English, Department of

 

Date of this Version

2010

Citation

Early American Literature (2010) 45(3): 619-654.

Comments

Copyright © 2010 by the University of North Carolina Press. Used by permission of the publisher. http://www.uncpress.unc.edu

Abstract

The contention that Charlotte is best understood as part of Rowson’s career, a career that spanned a period of years and the Atlantic Ocean, is central to our analysis and to the recovery of Rowson’s authorial agency. In Women and Authorship in Revolutionary America, Angela Vietto argues for the importance of the “literary career” as a category of analysis for women, of “examinin[g] the course writers followed in their pursuit of writing as a vocation—their progress in a variety of kinds of projects, both in their texts and in their performances as authors” (91).
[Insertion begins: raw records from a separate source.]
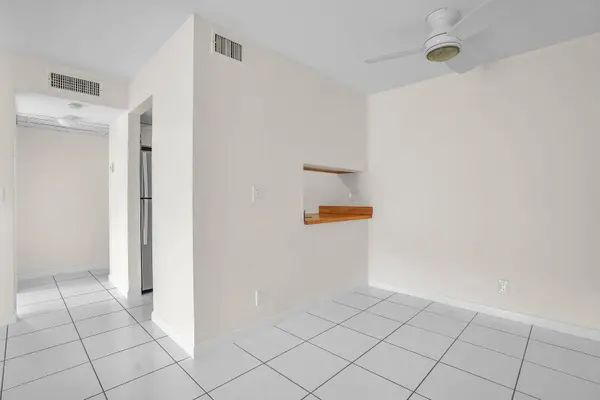 1854 Abbey RD #101, West Palm Beach, FL 33415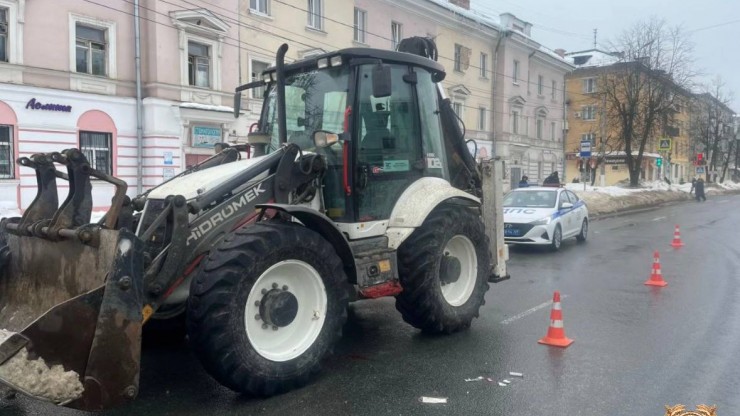 В Твери трактор наехал на 80-летнюю женщину - новости ТИА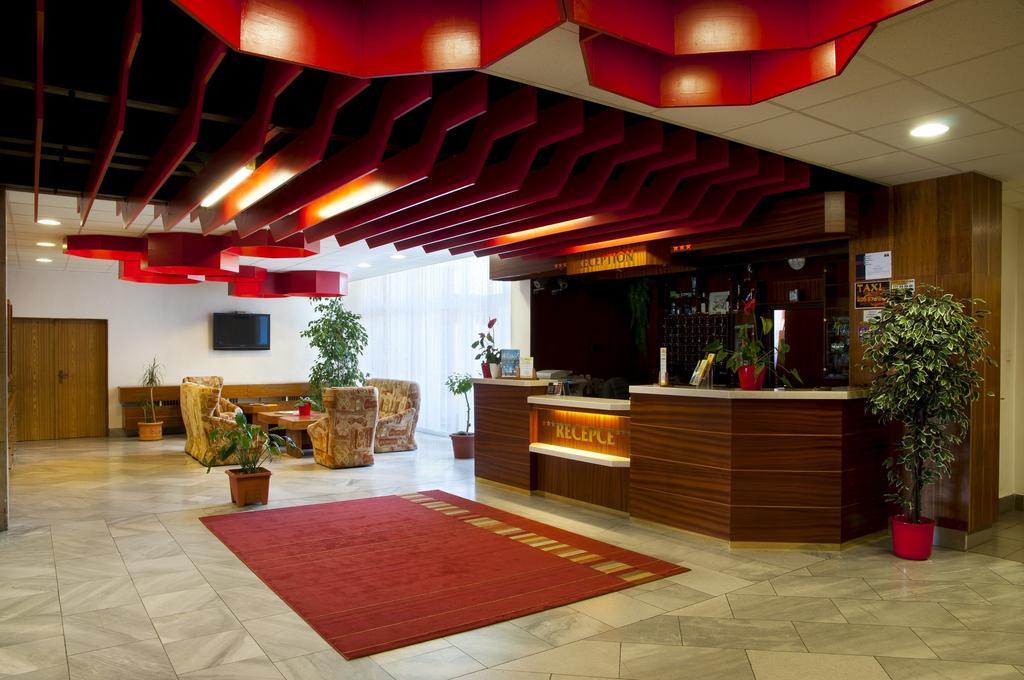Hotel Slunce Гавличкув-Брод Экстерьер фото
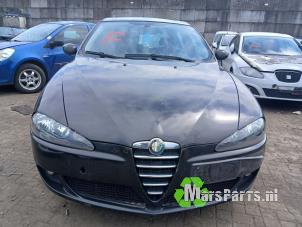 Usagé Boîte à gants Alfa Romeo 147 (937) 2.0 Twin Spark 16V Prix € 50,00 Règlement à la marge proposé par Autodemontagebedrijf De Mars
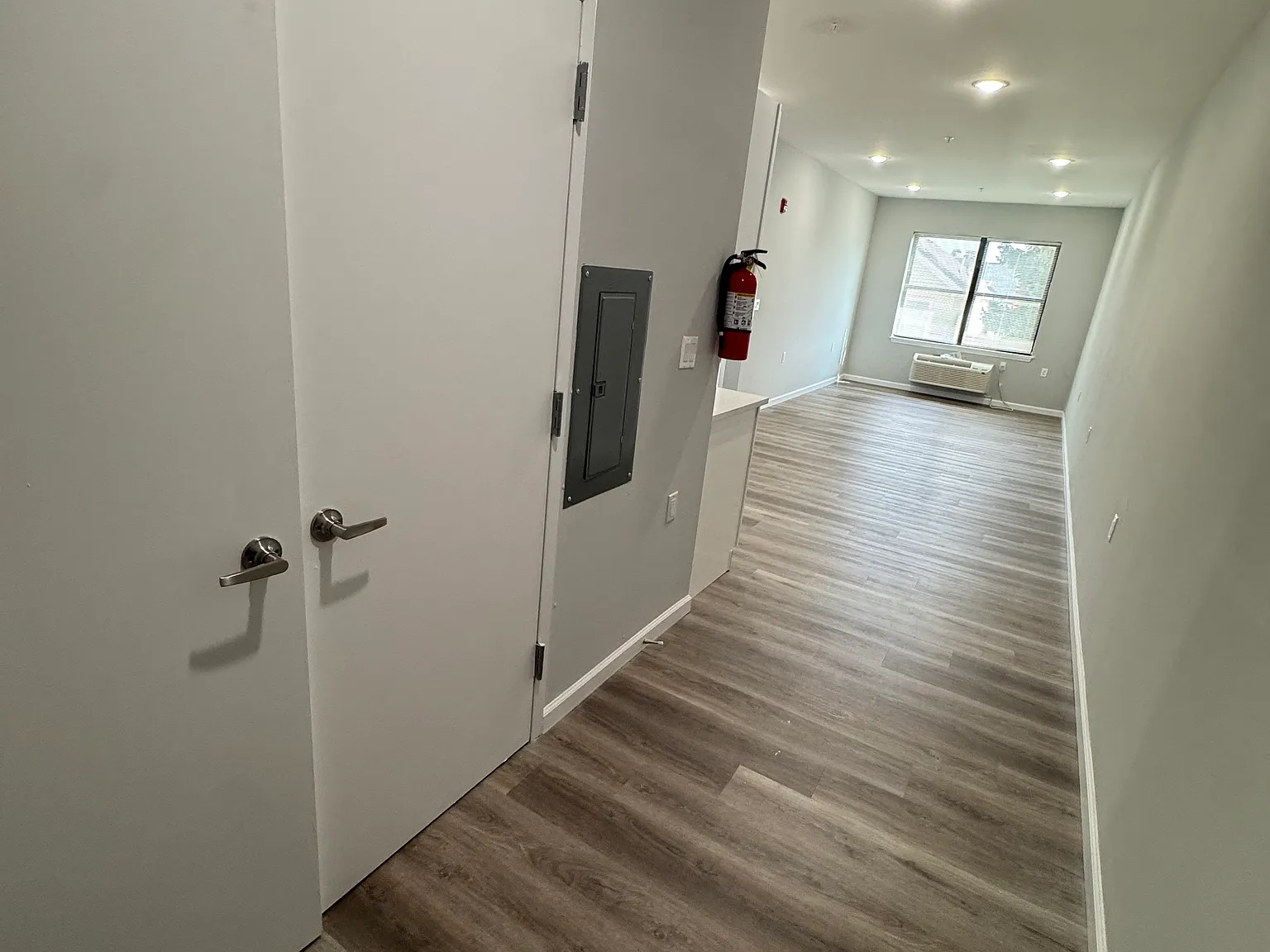 4 bed, $2,863 — Photo 2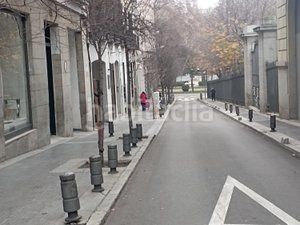 Foto e86e20c9-78c8-4910-96a7-d8be8319426d. Local comercial amb calefacció a Cortes-Huertas Madrid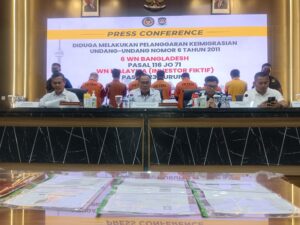 Operasi Wirawaspada, Imigrasi Surabaya Amankan Enam WNA Asal Bangladesh dan Satu WNI Asal Malaysia
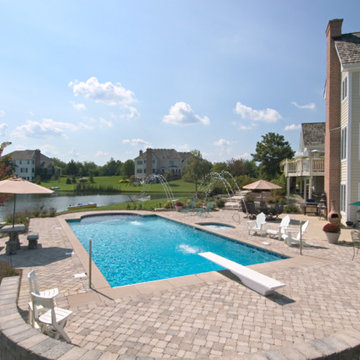Deer Park, IL Swimming Pool and Hot Tub with Sunshelf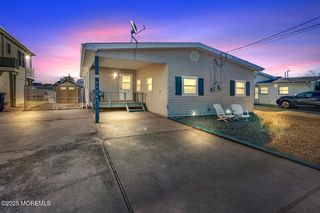 21 Lake Michigan Drive, Little Egg Harbor, NJ 08087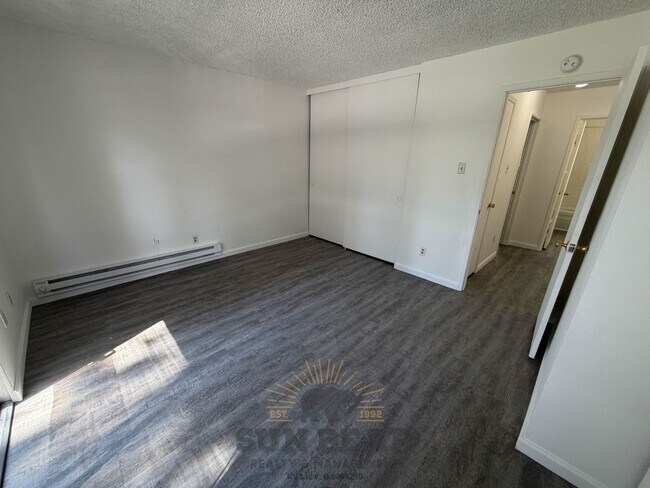 Building Photo - 801 Northwood Blvd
Although we leave the work of textual analysis across the range of Rowson’s literary works to other scholars, we take up the work of recovering American’s first best-selling novel as part of a transatlantic career that Rowson herself constructed and made visible.

As a recent surge in transatlantic readings of Rowson’s work testifies, the facts of Rowsons’s biography make a transatlantic approach nearly inevitable. Born Susanna Haswell in England in 1762, she moved to the American colonies at the age of five and spent her childhood happily in Massachusetts until the Revolutionary War intervened. A prisoner exchange returned her Loyalist family to England in 1778. Fifteen years later, in 1793, a married Susanna Rowson embarked on her third Atlantic crossing with her husband, William, to join Thomas Wignell’s theater company in Philadelphia. As Jeffrey Richards aptly argues, Rowson’s theatrical career embodies the Anglo-American transatlanticism of the early American theater, making “Rowson . . . herself the space or hyphen between the two English-speaking cultures.”